Perhaps that’s because the proposals in Scotland’s Future are plausible, workable and sensible. And even likely to encourage more to vote yes.

Labour is wont to seize upon the commitment to lower corporation tax as proof of the SNP being a neo-liberal, big business loving entity which wants to reinforce unfairness in the tax system. That lazy analysis ignores all that is said on pages 117 to 123 of the White Paper.

The section on tax makes plain a commitment to provide independent Scotland with a more efficient tax system predicated on key principles of simplicity, neutrality, stability and flexibility.

These point to a quite different future on tax. One which sweeps away the complexities and inefficiencies that successive UK Governments have enabled through decades and indeed, centuries of layering and applying without removing and reforming.

Even with Gordon Brown’s attempts to simplify income tax when he was Chancellor, legislation on UK tax runs to over 10,000 pages with over 1,000 exemptions. These, in particular, allow for tax avoidance and a whole industry employed in finding them and maximising them for a select few rich enough to employ their services.

So which would have the bigger impact on our country’s collective tax take and the perception of paying dues – removing myriad opportunities to avoid tax or paying slightly more on declared and visible income?

As Alex Massie kindly pointed out to me on twitter, both Alex Salmond and John Swinney have made speeches and given interviews in which they emphasise the no tax rises in independent Scotland position. But that safety first approach is only part of the story. The White Paper makes clear that in the longer term, independent Scotland will do different on tax than the UK: independence provides the opportunity to “design a Scottish tax system based on specific Scottish circumstances and preferences”.

That’s the bit of the narrative Scottish Labour chooses to ignore, the bit that Better Together would rather Scottish voters didn’t know and the bit that the Scottish and indeed, UK media, both left and right leaning, keeps hidden from view.

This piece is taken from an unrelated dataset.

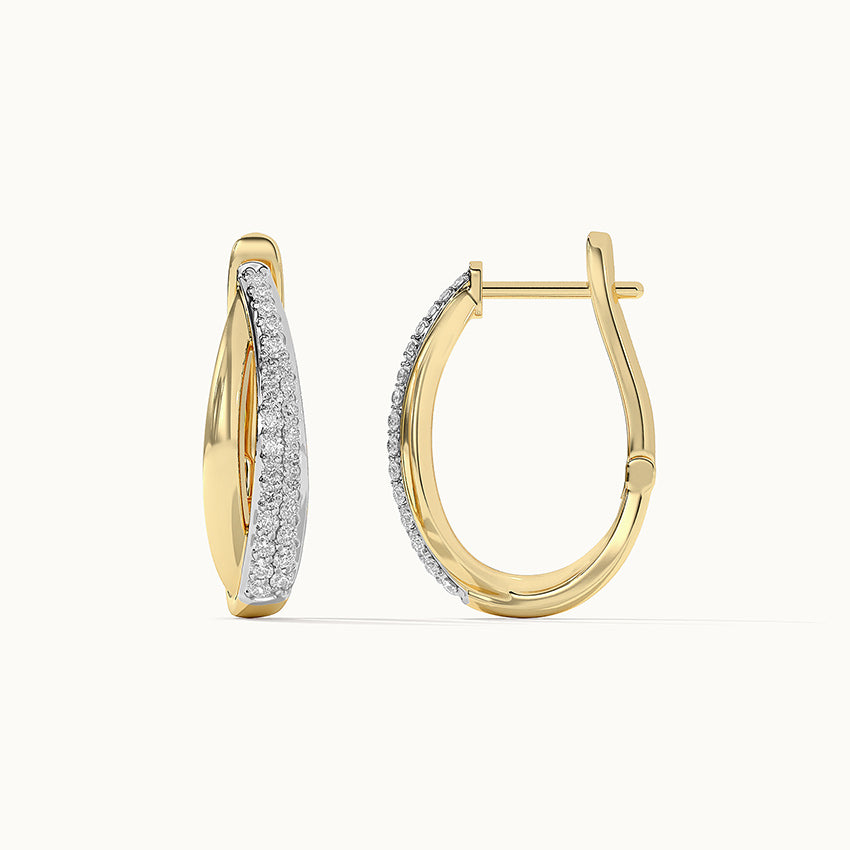 Open Double Row Hoops, 14K Solid Gold, 1/2 ct Lab Grown Diamond-6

And that’s because many in Scotland, including undecided voters, are appalled that the gap between haves and have-nots continues to grow. Indeed, austerity has shifted a considerable number of haves into having far less, making them acutely aware of the inherent inconsistencies and unfairnesses in our tax system and elsewhere in our economy. The failure of any UK party to offer anything which punishes the financial institutions for the mess we are in nor attempts to reign in the worst behaviour of buccaneers adds grist to their mill.

If they knew of the existence of a fairer future on tax with independence, it might encourage more to move to yes. It’s exactly the kind of issue the Scottish Government and Yes Scotland should be encouraging all their grassroots supporters to be having conversations with their friends, family and neighbours about.

5 thoughts on “Time to talk tax

  1. We have heard this tartan tory jibe from labourites since 1979 but coming from this lot who are the most right wing in their history. Wonder what Hardie and Maclean would make of them

  2. Pingback: Time to talk tax | Referendum 2014 | Scoop.it

  3. Thanks for the guidance to the relevant part of the white paper. I’ve ploughed my way through most of the white paper but sometimes I cannot remember where I read what.

  4. Some more ammunition for YES,glad to have it,lets use it.